GOAL OF THE EXERCISE = Look through the lines below and extract any with the word "image".

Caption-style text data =

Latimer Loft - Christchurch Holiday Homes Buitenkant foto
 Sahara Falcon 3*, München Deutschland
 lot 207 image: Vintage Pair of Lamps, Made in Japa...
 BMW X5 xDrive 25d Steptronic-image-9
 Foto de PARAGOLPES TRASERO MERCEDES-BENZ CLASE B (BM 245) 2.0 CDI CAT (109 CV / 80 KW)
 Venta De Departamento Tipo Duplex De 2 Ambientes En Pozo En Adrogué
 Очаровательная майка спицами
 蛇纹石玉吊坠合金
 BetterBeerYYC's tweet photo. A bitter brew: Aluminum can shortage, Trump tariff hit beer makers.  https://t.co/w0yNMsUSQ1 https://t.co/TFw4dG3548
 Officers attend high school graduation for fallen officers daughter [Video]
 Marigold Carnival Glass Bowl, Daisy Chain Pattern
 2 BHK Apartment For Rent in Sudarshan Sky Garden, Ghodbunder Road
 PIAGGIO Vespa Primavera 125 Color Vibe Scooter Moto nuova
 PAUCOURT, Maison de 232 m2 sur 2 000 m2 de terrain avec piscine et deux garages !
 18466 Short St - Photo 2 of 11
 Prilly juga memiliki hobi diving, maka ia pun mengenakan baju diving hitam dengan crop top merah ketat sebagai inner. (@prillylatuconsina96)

ANSWER FOR THIS EXERCISE =
 lot 207 image: Vintage Pair of Lamps, Made in Japa...
 BMW X5 xDrive 25d Steptronic-image-9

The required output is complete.